Introduction

What is The New Yorker? I know it’s a great magazine and that it’s a tremendous source of pleasure in my life. But what exactly is it? This blog’s premise is that The New Yorker is a work of art, as worthy of comment and analysis as, say, Keats’s “Ode on a Grecian Urn.” Each week I review one or more aspects of the magazine’s latest issue. I suppose it’s possible to describe and analyze an entire issue, but I prefer to keep my reviews brief, and so I usually focus on just one or two pieces, to explore in each the signature style of its author. A piece by Nick Paumgarten is not like a piece by Jill Lepore, and neither is like a piece by Ian Frazier. One could not mistake Collins for Seabrook, or Bilger for Goldfield, or Mogelson for Kolbert. Each has found a style, and it is that style that I respond to as I read, and want to understand and describe.

Saturday, December 11, 2010

December 6, 2010 Issue


Pick Of The Issue this week is unquestionably Gay Talese’s “Travels with a Diva.” Reading it, I was reminded of Ian Frazier’s description of Russia: “chaos almost out of control.” Talese’s piece is a profile of the young Russian opera singer Marina Poplavskaya. She is a classic study in pushy, mercurial, larger-than-life, heavenly diva conduct. I hasten to add that I’m not an opera buff. I read this article for the pleasure of Talese’s writing. I was not disappointed. Detail by detail, anecdote by anecdote, Talese patiently, masterfully builds his portrait, until it is as rich in color and texture as a John Singer Sargent.

Some of the details are extraordinary: Poplavskaya’s colored pencils (“She carries a dozen or so colored pencils with her, each representing to her a particular emotional color or key…. B minor is represented by emerald green, C major, by a shade of goldish red”), the seats in Buenos Aires’ Teatro Colón (“The theatre’s ornate chairs are upholstered in red velvet, and their carved-wood backs are topped with gold filigree”), Poplavskaya’s singing (“At one point, she held a note for ten seconds, and it cut like a diamond sabre right through the sounds of a hundred choral singers and a hundred instrumentalists”), Daniel Barenboim’s choice of cigar (“Edicion Limitada 2010”).

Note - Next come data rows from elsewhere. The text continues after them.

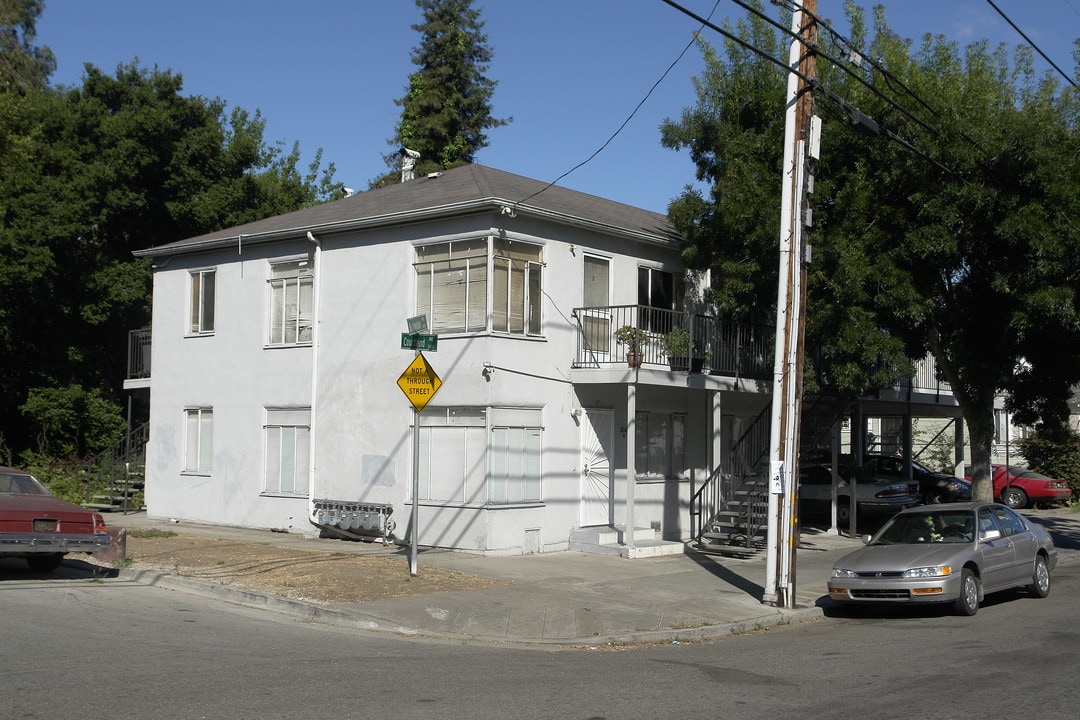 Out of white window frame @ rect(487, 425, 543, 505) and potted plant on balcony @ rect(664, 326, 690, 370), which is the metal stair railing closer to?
potted plant on balcony @ rect(664, 326, 690, 370)

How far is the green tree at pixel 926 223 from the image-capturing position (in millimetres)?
16641

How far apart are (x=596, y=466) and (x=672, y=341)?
2.78 metres

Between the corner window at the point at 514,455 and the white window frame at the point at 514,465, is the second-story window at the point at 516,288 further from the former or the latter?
the white window frame at the point at 514,465

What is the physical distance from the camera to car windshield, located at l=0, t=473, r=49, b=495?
45.5 feet

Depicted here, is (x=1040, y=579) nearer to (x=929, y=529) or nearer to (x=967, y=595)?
(x=929, y=529)

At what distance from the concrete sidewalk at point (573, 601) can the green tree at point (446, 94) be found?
98.2 ft

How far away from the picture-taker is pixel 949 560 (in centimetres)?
1270

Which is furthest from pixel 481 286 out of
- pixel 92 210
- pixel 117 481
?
pixel 92 210

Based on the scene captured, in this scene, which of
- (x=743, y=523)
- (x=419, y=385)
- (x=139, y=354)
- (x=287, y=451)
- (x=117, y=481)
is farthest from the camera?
(x=117, y=481)

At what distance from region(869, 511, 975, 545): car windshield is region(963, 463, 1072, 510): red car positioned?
18.8 metres

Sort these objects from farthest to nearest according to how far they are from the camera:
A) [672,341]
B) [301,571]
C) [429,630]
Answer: [672,341], [301,571], [429,630]

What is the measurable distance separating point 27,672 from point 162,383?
15950mm

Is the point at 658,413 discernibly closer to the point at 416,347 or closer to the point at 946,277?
the point at 946,277

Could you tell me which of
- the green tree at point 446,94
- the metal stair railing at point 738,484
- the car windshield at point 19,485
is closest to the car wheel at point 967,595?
the metal stair railing at point 738,484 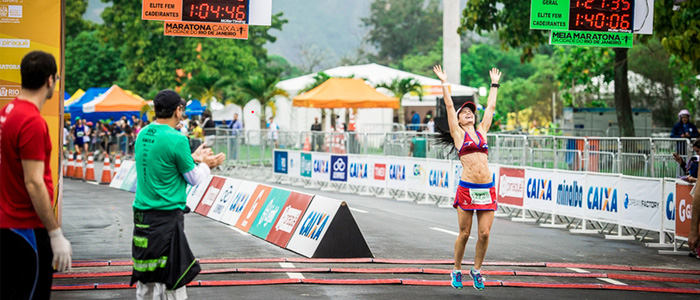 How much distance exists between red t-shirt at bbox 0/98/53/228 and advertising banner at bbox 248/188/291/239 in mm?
7682

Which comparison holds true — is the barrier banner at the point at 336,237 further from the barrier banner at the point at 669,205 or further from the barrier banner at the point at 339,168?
the barrier banner at the point at 339,168

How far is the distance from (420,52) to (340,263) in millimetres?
99792

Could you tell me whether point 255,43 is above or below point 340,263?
above

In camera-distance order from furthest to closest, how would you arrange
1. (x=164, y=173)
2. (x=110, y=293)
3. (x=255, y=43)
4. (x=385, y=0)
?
(x=385, y=0) < (x=255, y=43) < (x=110, y=293) < (x=164, y=173)

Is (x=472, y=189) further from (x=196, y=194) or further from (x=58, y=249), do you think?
(x=196, y=194)

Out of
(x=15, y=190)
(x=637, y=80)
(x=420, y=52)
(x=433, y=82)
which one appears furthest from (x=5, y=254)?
(x=420, y=52)

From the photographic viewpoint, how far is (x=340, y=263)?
10656 mm

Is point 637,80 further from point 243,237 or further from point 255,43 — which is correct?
point 243,237

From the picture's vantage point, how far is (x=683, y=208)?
1306 centimetres

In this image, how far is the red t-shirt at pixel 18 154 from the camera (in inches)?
194

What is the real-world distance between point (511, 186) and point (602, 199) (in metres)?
2.88

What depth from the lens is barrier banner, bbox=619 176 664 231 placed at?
1398 cm

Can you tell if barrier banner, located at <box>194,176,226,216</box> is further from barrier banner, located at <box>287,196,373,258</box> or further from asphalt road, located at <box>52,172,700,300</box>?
barrier banner, located at <box>287,196,373,258</box>

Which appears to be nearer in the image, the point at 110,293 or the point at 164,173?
the point at 164,173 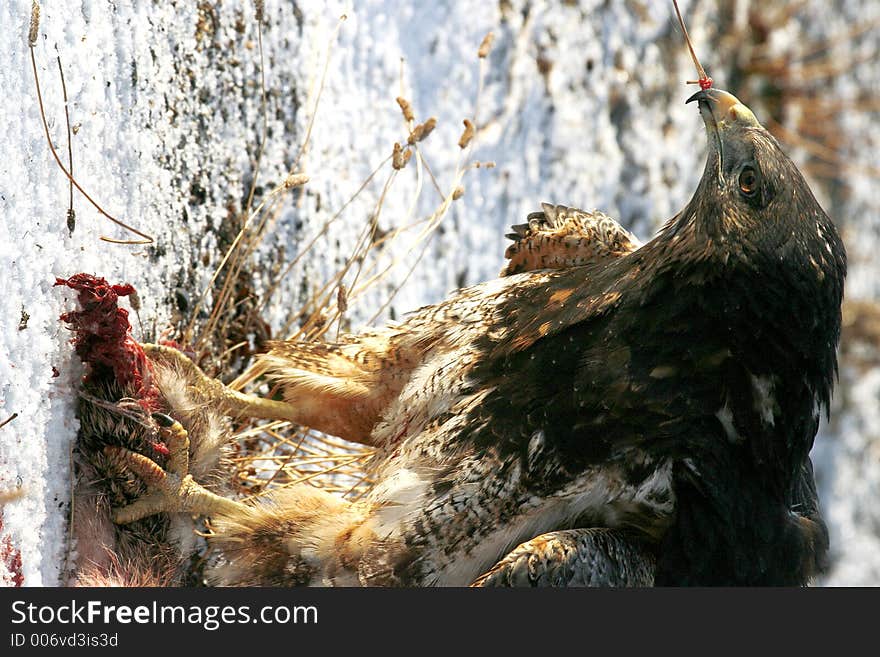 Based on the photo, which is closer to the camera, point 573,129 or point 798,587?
point 798,587

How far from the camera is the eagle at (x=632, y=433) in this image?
171cm

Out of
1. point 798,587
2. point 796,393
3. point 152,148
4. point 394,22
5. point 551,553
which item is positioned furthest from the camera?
point 394,22

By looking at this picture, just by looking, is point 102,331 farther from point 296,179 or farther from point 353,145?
point 353,145

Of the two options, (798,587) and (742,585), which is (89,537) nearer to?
(742,585)

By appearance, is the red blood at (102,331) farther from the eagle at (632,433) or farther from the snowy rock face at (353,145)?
the eagle at (632,433)

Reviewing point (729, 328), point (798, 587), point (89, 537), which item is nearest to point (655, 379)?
point (729, 328)

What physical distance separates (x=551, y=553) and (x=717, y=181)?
0.66 m

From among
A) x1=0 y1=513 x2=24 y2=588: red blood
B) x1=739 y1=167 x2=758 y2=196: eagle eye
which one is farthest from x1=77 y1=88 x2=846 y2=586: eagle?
x1=0 y1=513 x2=24 y2=588: red blood

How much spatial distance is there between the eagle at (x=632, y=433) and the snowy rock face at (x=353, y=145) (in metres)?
0.36

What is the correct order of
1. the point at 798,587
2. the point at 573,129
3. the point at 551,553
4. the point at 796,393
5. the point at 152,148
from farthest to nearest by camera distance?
the point at 573,129
the point at 152,148
the point at 798,587
the point at 796,393
the point at 551,553

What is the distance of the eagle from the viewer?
5.61ft

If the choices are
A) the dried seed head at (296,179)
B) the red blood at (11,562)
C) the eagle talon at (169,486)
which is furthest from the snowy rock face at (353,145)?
the dried seed head at (296,179)

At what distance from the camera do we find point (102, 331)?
1.75m

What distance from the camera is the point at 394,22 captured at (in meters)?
3.30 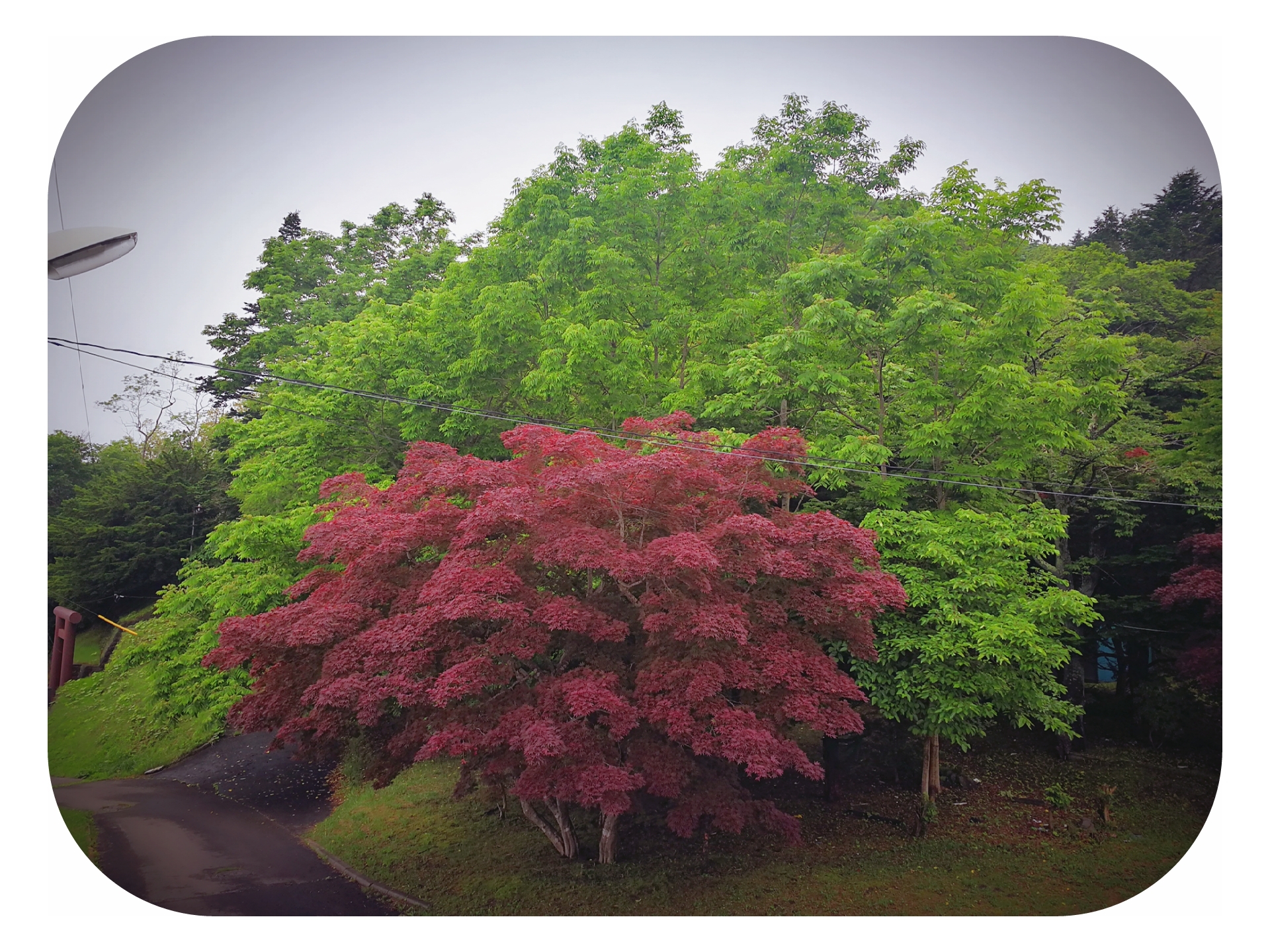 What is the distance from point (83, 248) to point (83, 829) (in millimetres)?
3842

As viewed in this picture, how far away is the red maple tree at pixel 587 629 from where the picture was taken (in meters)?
4.47

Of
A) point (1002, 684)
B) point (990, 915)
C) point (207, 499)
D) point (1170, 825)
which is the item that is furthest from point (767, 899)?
point (207, 499)

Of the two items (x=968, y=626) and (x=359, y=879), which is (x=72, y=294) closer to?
(x=359, y=879)

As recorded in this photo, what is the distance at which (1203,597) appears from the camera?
17.6 ft

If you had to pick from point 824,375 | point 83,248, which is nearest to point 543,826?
point 824,375

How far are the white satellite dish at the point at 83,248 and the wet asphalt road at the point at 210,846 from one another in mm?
3470

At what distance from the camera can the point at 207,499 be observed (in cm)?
825

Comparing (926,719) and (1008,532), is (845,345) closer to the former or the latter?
(1008,532)

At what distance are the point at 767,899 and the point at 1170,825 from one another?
9.46 ft

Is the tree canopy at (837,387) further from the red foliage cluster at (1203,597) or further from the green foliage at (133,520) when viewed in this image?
the green foliage at (133,520)

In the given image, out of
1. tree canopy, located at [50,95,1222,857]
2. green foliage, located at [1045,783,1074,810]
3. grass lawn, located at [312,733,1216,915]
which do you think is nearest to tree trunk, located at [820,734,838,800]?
grass lawn, located at [312,733,1216,915]

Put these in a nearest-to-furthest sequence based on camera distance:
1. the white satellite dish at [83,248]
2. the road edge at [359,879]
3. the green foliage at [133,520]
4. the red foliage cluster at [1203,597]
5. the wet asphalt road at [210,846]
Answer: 1. the white satellite dish at [83,248]
2. the wet asphalt road at [210,846]
3. the road edge at [359,879]
4. the red foliage cluster at [1203,597]
5. the green foliage at [133,520]

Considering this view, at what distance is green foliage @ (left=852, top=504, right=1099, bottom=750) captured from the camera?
5.66m

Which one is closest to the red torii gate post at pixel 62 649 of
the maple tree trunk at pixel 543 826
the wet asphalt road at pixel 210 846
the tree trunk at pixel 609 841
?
the wet asphalt road at pixel 210 846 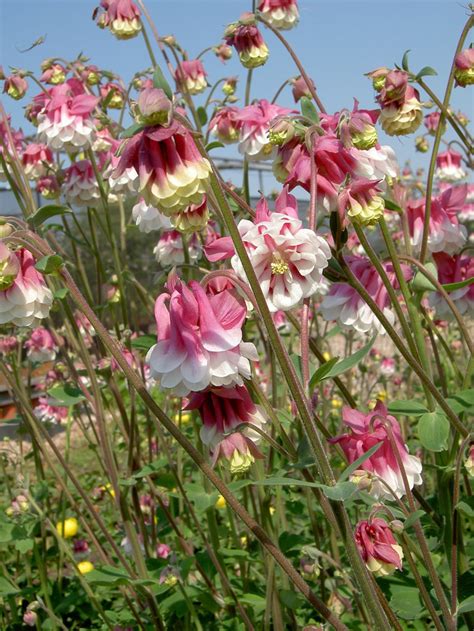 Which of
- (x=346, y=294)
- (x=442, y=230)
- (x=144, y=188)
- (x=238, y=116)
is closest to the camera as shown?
(x=144, y=188)

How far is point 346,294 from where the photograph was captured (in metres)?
1.88

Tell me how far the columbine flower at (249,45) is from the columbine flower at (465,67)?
30.1 inches

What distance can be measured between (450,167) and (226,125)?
189 centimetres

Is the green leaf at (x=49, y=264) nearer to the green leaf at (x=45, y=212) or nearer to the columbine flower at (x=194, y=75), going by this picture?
the green leaf at (x=45, y=212)

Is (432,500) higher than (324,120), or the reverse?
(324,120)

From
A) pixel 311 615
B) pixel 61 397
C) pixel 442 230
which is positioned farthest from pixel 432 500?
pixel 61 397

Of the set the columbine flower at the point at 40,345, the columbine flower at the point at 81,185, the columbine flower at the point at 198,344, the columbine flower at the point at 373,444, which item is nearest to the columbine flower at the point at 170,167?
the columbine flower at the point at 198,344

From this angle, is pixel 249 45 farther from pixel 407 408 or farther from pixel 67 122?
pixel 407 408

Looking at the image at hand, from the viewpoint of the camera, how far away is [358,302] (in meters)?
1.86

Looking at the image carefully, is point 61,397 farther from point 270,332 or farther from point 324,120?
point 270,332

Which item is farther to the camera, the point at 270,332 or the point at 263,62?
the point at 263,62

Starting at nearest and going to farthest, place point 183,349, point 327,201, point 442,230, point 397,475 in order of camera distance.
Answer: point 183,349
point 327,201
point 397,475
point 442,230

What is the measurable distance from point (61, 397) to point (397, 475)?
129 centimetres

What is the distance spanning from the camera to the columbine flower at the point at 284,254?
134cm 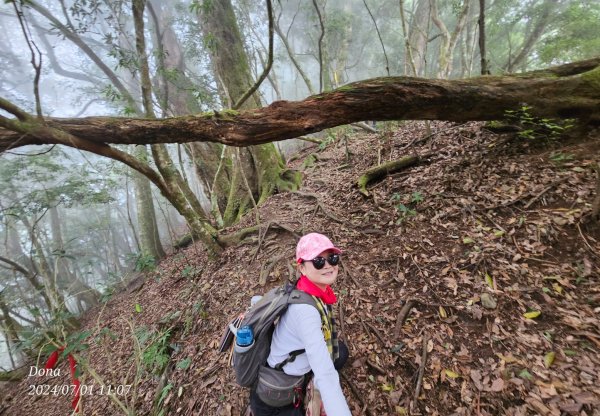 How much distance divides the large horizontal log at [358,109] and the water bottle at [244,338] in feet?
8.76

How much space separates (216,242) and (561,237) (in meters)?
5.70

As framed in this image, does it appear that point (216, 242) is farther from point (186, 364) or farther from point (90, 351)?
point (90, 351)

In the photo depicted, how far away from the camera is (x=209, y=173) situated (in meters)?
9.36

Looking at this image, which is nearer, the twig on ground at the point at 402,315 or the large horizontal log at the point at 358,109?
the twig on ground at the point at 402,315

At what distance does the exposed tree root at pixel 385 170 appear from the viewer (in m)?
5.64

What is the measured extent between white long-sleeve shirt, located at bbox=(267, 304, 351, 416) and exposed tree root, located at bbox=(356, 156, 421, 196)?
3.83 m

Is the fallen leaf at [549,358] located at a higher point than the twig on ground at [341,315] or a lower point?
higher

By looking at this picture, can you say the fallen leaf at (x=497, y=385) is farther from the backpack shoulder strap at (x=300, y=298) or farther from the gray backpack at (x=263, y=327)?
the backpack shoulder strap at (x=300, y=298)

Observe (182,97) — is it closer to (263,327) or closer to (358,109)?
(358,109)

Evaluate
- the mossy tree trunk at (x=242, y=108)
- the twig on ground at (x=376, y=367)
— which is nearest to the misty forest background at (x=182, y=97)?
the mossy tree trunk at (x=242, y=108)

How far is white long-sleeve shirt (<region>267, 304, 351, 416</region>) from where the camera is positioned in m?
1.89

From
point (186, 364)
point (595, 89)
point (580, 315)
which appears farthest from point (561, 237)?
point (186, 364)

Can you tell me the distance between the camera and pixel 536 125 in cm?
433

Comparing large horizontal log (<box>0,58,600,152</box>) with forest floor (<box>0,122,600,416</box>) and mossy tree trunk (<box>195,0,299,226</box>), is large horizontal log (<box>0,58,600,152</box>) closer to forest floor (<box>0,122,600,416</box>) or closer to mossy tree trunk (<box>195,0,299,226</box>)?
forest floor (<box>0,122,600,416</box>) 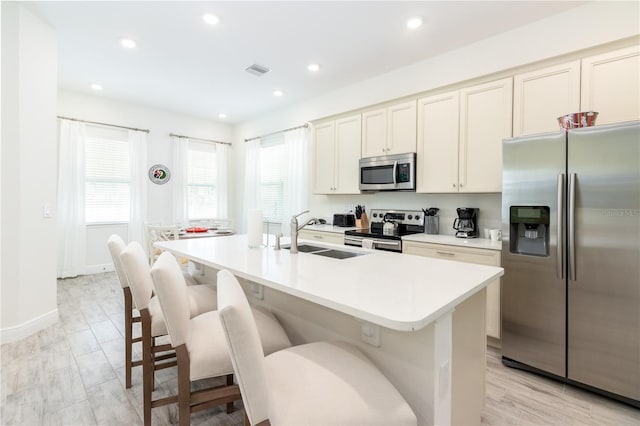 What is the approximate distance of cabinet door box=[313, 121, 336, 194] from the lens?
4359 mm

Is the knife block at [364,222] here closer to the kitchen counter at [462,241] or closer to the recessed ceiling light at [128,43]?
the kitchen counter at [462,241]

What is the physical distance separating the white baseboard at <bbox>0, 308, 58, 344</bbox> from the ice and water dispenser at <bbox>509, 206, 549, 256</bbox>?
421cm

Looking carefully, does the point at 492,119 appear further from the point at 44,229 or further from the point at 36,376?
the point at 44,229

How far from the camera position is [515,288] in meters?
2.38

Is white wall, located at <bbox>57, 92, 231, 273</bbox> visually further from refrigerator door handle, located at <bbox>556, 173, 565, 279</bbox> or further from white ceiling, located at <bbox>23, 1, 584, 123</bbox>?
refrigerator door handle, located at <bbox>556, 173, 565, 279</bbox>

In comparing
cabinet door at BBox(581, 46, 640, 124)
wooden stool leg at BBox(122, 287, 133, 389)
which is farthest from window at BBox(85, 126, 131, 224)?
cabinet door at BBox(581, 46, 640, 124)

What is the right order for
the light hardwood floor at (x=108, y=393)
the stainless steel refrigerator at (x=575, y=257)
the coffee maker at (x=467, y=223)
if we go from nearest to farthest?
the light hardwood floor at (x=108, y=393) → the stainless steel refrigerator at (x=575, y=257) → the coffee maker at (x=467, y=223)

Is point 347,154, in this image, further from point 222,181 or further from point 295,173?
point 222,181

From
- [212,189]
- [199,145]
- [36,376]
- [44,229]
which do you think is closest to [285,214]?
[212,189]

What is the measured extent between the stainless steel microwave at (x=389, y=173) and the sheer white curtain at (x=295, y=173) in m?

I like the way Talese keeps “Travels with a Diva” in the “I.” Reading it is like reading an excerpt from a really lively, personal journal. When Talese says, “I had never been to Russia, and when she suggested that late summer would be a good time to come I made the arrangements,” I smiled and said to myself, “Let the adventure begin.” And it is an adventure, a great ride all the way. I lapped it up, and when it was over, yearned for more.